Give back the exact lines of the material below from the one containing "in our community, young" through the one containing "Rhodolite Garnet natural", and no pictures.

### DATA TO EXAMINE
--- START ---

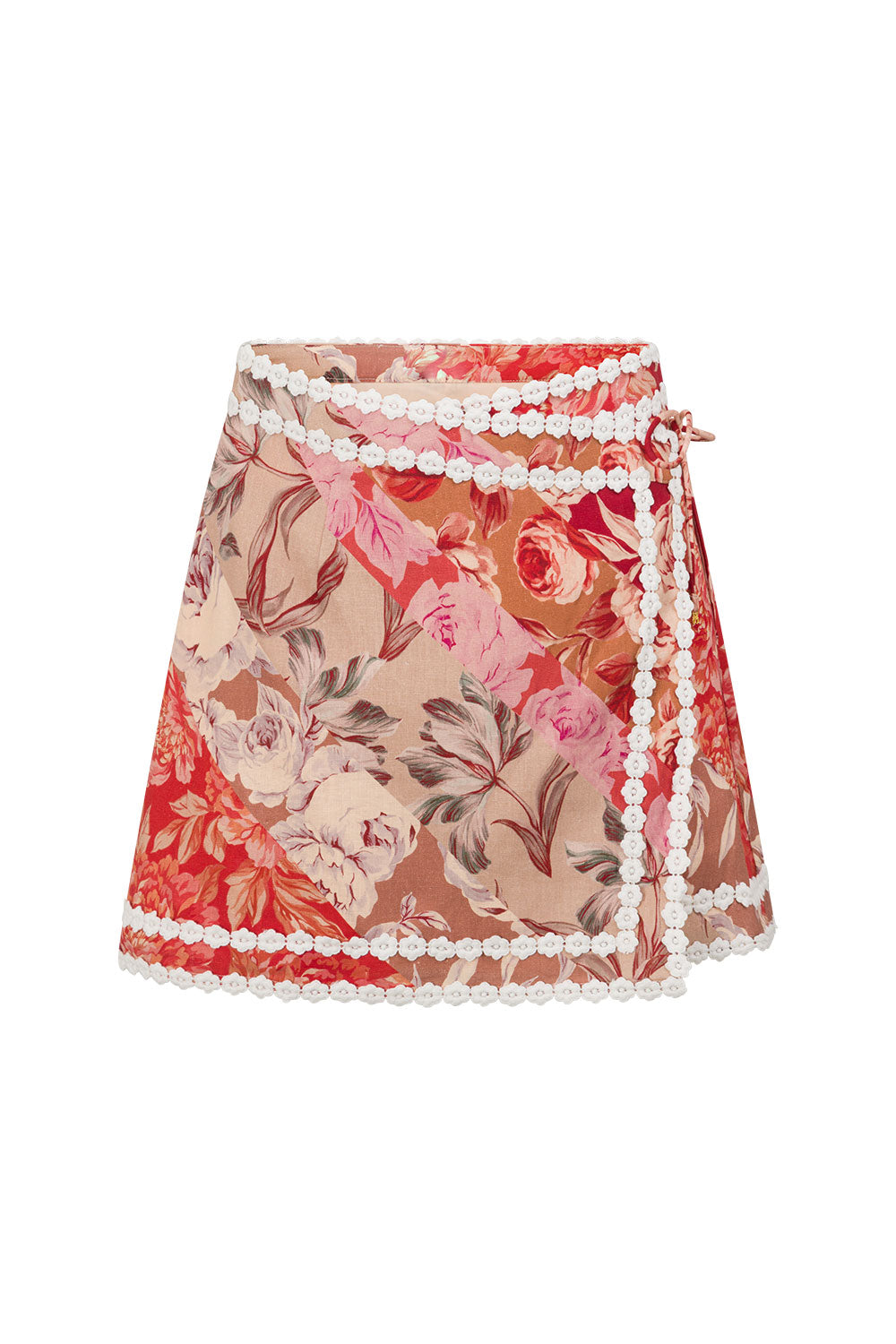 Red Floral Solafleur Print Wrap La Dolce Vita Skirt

--- END ---
--- START ---

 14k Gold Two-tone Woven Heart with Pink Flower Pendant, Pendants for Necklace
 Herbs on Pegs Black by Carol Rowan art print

--- END ---
--- START ---

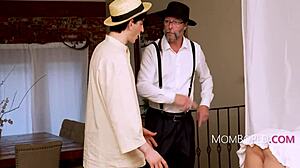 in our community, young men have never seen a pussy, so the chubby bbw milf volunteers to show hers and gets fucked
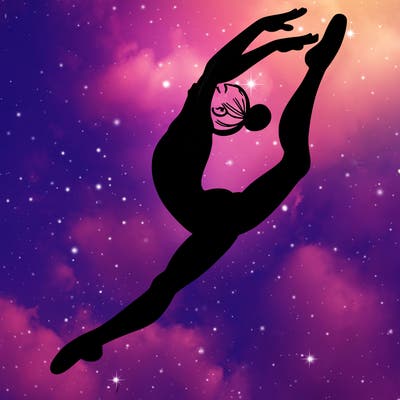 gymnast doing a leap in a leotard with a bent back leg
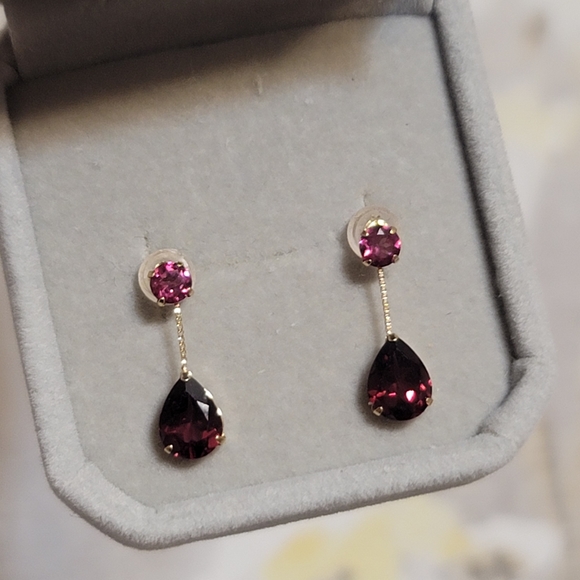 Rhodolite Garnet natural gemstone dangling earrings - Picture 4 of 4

--- END ---

### ANSWER BOX
 in our community, young men have never seen a pussy, so the chubby bbw milf volunteers to show hers and gets fucked
 gymnast doing a leap in a leotard with a bent back leg
 Rhodolite Garnet natural gemstone dangling earrings - Picture 4 of 4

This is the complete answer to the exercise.